Я поднимаю её подбородок, чтобы она посмотрела мне в глаза.
— Ты уверена?
— Уверена. Точно.
Я не до конца доволен её ответом, но слишком устал, чтобы настаивать. Подавляю зевок.
— Тогда давай спать. Я выжат.
— Я тоже. — Она целует меня в губы с трепетом, и мы устраиваемся, как обычно, перед сном. — Я люблю тебя, Уайатт.
— Я тоже тебя люблю, Келси. И спасибо тебе.
— За что?
Вдыхая её запах, я шепчу ей в волосы:
— За то, что всегда рядом, когда ты мне нужна.
Она молчит, и я думаю, что она уже уснула. Но потом слышу её голос, едва различимый. — Я всегда буду рядом.
— Эй! Передай сюда самогон! — кричит Тим, один из работников ранчо, через танцплощадку, устроенную прямо перед амбаром на ранчо Гибсонов.
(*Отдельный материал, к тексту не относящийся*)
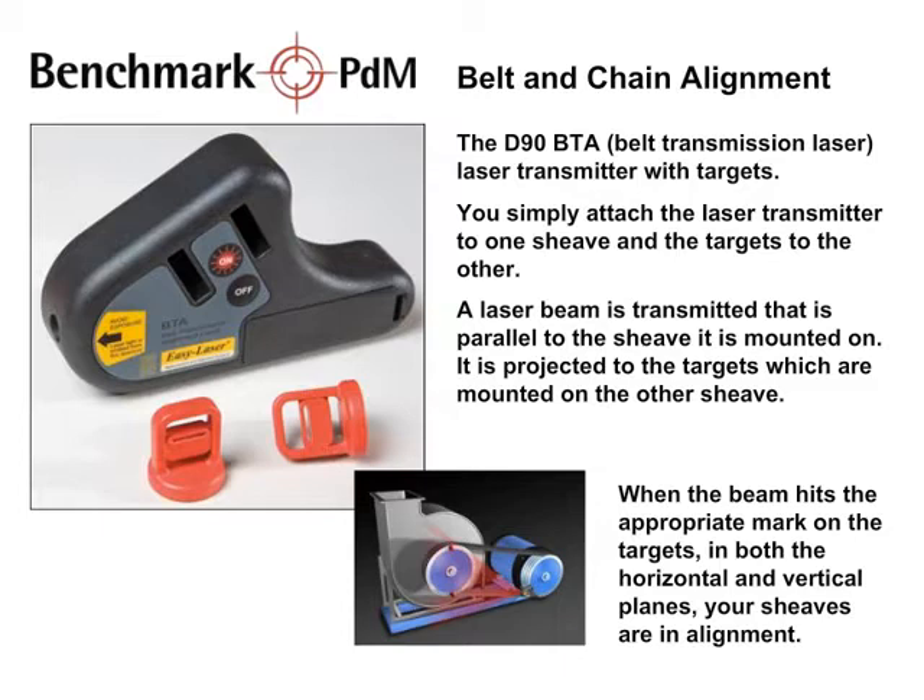The D90 BTA laser transmitter with targets for belt and chain alignment. You simply attach the laser transmitter to one sheave and the targets to the other. A laser beam is transmitted that is parallel to the sheave it is mounted on. It is projected to the targets which are mounted on the other sheave. When the beam hits the appropriate mark on the targets in both the horizontal and vertical planes, your sheaves are in alignment.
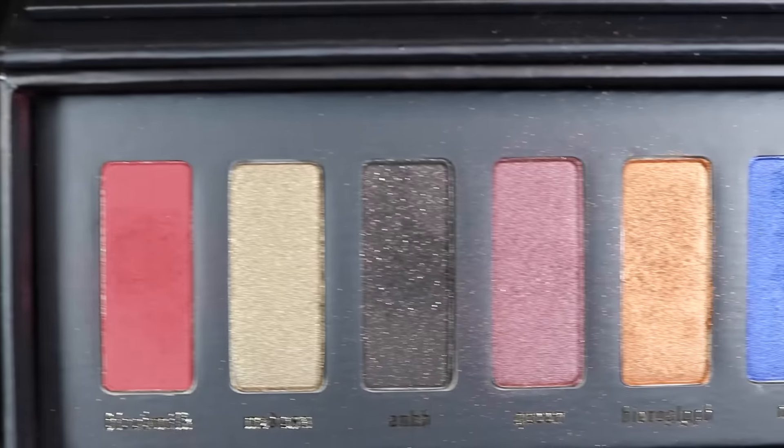What's up everybody, it's Kelsee Briana Jai here with a review and tutorial using the new Kat Von D Serpentina palette. This palette just released and I ordered it from Sephora.com. I had to come through and give you guys a review and a tutorial for anybody who is interested in ordering this product.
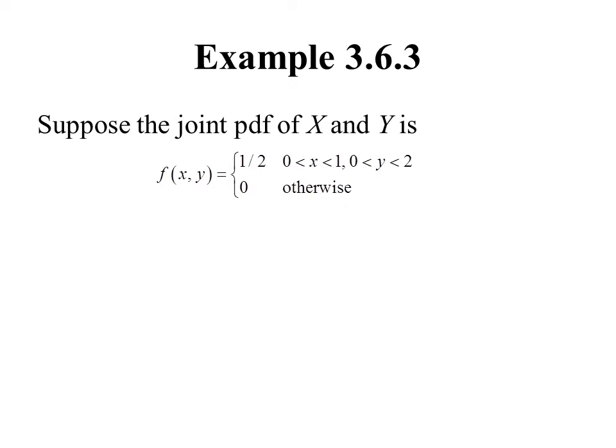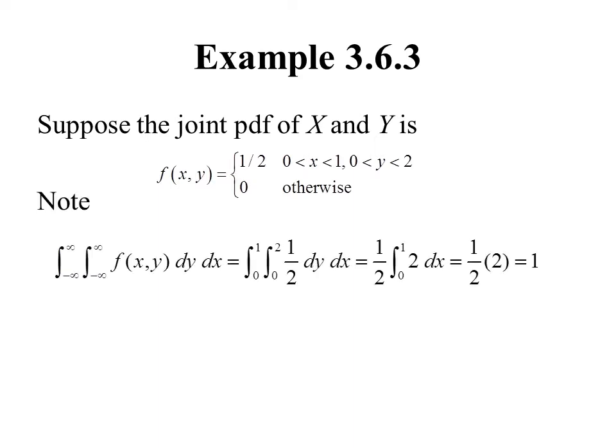Consider this joint PDF: X takes values between 0 and 1, Y takes values between 0 and 2, and the joint PDF equals 1/2 over those values and 0 otherwise. To verify the first two properties: the function is always ≥ 0, and integrating 1/2 with x from 0 to 1 and y from 0 to 2 using basic Calculus 3 techniques gives 1. So it satisfies both properties.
Сегодня — вечер у костра, который мои родители устраивают каждый сезон, и праздник в самом разгаре. Раньше мы сыграли матч по футболу в нашей лиге — едва выиграли с разницей в одно очко — а потом отправились на ранчо, чтобы отпраздновать и продолжить традицию.
Возгласы радости раздаются поверх музыки, когда гости пробуют самогон, который мой отец начал гнать ещё в те времена, когда был моложе нас с Уокером.
Я бросаю взгляд в сторону отца, замечая его гордую улыбку и то, как он сидит в кресле на краю толпы. Мама стоит позади него, держит руку на его плече.
Вчера они получили результаты КТ и биопсии, и, если говорить о лучшем из возможных сценариев — у него именно такой. Опухоль маленькая, операбельная и доброкачественная. Врачи считают, что можно полностью её удалить, и хотят сделать операцию как можно скорее. Сейчас середина октября, свадебный и туристический сезон подходит к концу — значит, пора её назначать.
Мама плакала у меня в объятиях прошлой ночью, я думаю, отчасти от облегчения, отчасти от страха, когда они с отцом рассказали мне диагноз. Теперь нам нужно будет рассказать обо всём братьям и сотрудникам ранчо — ведь ближайшие месяцы будут другими. Но мы решили, что позволим всем повеселиться хотя бы ещё одну ночь, прежде чем обрушим на них суровую правду.